Lazy Sunday Afternoon – Arcadia, Florida

One of my clients emailed me in a panic to ask if I could go to Arcadia, Florida to photograph the downtown area. Apparently the writer said that she had photos for the article but, when the client got them, I guess it wasn’t what they were looking for.

With teaching a couple of days a week it can get tricky scheduling a “emergency” photo shoot. However, this client is wonderful to work with we have a great relationship with them. I don’t mind doing what I can for these types of clients. Upon looking at the schedule, the only really good day to go was Sunday. There were going to be exterior shots so no big deal.

The story is about how Arcadia is going to upgrade the downtown area. Arcadia’s downtown has to be at least 100 years old. The Opera House that is supposedly haunted has a plaque on the building that reads that it was registered with the “Department of Interiors” in 1906. If you are wondering about the haunted Opera House, I am too. I guess that will have to be another post.

We arrived in Arcadia around noon. A photographer’s DREAM LIGHTING CONDITION! Noting better than harsh, mid day sun. I have HDR’s this area before so I had that in the hopper to send to the client as well as a backup. I read over the instructions that the editor gave me of the specifics that they wanted.
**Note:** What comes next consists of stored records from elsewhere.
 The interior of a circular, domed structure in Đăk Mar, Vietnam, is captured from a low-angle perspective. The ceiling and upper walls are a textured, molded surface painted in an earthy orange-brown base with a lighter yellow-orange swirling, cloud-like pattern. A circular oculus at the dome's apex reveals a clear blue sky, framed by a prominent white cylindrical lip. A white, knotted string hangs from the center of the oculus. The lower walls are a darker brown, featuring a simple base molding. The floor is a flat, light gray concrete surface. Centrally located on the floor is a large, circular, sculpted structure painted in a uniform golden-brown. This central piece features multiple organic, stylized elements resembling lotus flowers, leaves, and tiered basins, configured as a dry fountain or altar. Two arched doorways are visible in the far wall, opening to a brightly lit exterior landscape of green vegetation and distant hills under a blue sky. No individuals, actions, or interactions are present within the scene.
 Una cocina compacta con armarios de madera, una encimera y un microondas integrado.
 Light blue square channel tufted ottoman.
Since this was about the renovating of the buildings, I decided to use my Nikkor 12mm-24mm lens. I have found this lens gives me a wide angle of view with minimum distortion. I believe in buying manufacture glass and this is where I’m getting my money back. I popped in a CF card and I was ready to go.
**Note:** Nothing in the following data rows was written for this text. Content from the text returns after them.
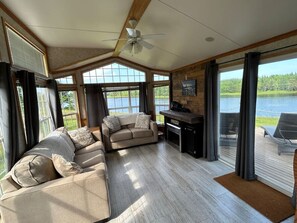 A spacious living room with a large window, a ceiling fan, and a view of a lake. - Private Waterfront Getaway (Richibouctou)
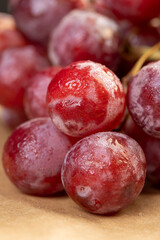 a branch of red ripe grapes in drops of water on the table, wet ripe and delicious red grapes on the table before cooking
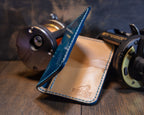 Side view of the Deep Blue Water vertical wallet showing its fold, leather edges and interior maker's mark.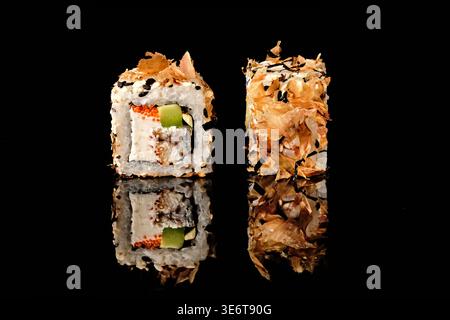 Deux rouleaux de sushi recouverts de flocons de poisson de bonite et de graines de sésame noir, avec anguille grillée, fromage à la crème, avocat et garniture de caviar tobiko rouge, isolez Banque D'Images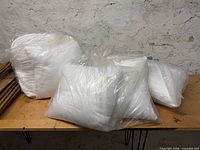 Five pillow inserts sealed in plastic on table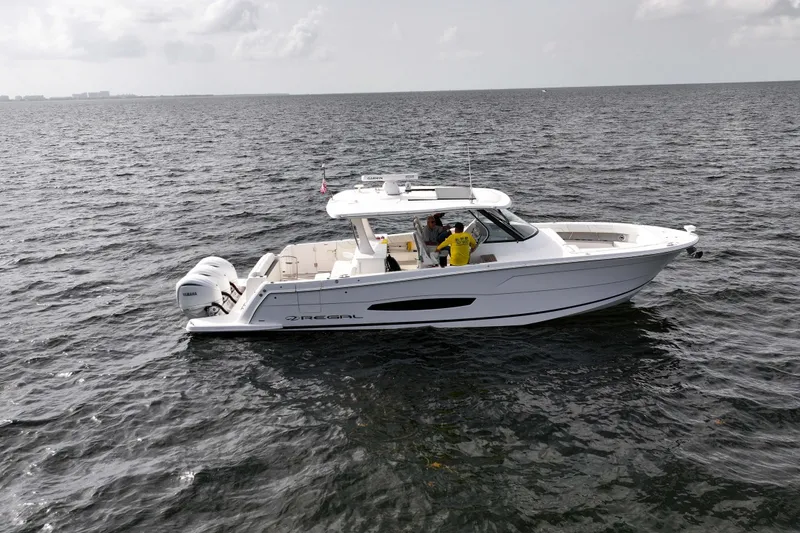 Slide: The Image of 2023 Regal 38 SAV boat cruising on open water under cloudy skies. - 7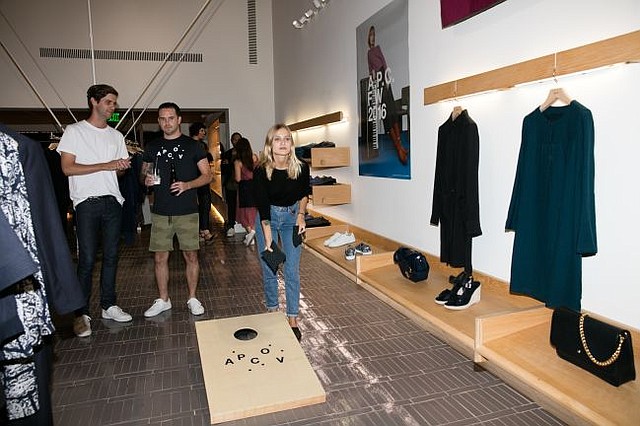 Party goer flexes her cornhole skills at A.P.C.'s Aug 31 party. It was held at the brand's Melrose Place shop. All photos courtesy of A.P.C.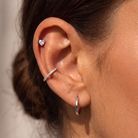 Close-up of a person's ear showcasing multiple silver-toned ear piercings: a small heart-shaped stud in the lobe, a curved ear cuff with small clear stones, and a simple hoop earring in the cartilage.
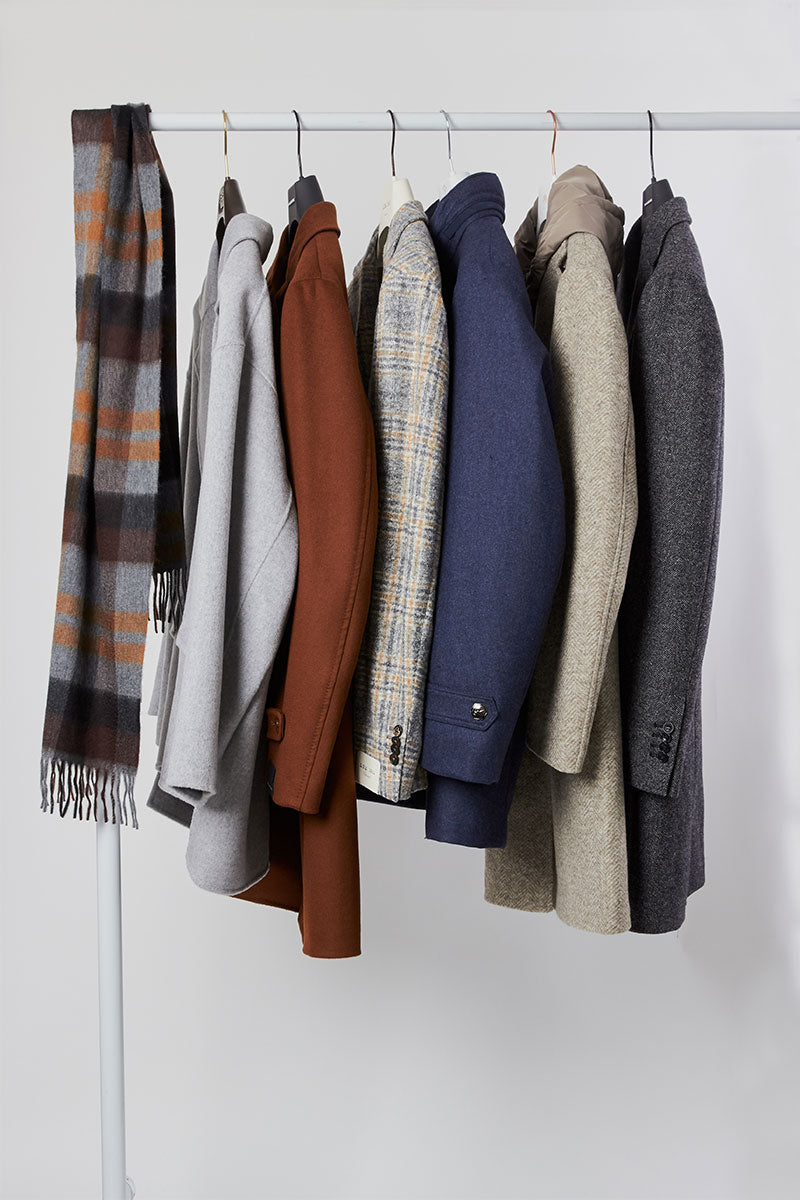 Rolling rack of men's coats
I walked around and started to photograph the area per the instructions. Arcadia is well known for its antique stores. If you want something that is old and collectible, this is the place to visit. They also have a couple of eateries and an ice cream shop. I was hoping in a way that it would cloud over and give me some nice even light. The photography gods were not on my side today.

Sometimes in photography you have to split down the middle. I wanted some color in the sky and get some detail under the porch areas of the shops. I could have done an HDR but, I was surprised at what I actually got. As you will see in the photo above, there is color in the sky and there is detail under the porch area. I was manually bracketing these scenes in case I needed to do a little touch up work later in the computer.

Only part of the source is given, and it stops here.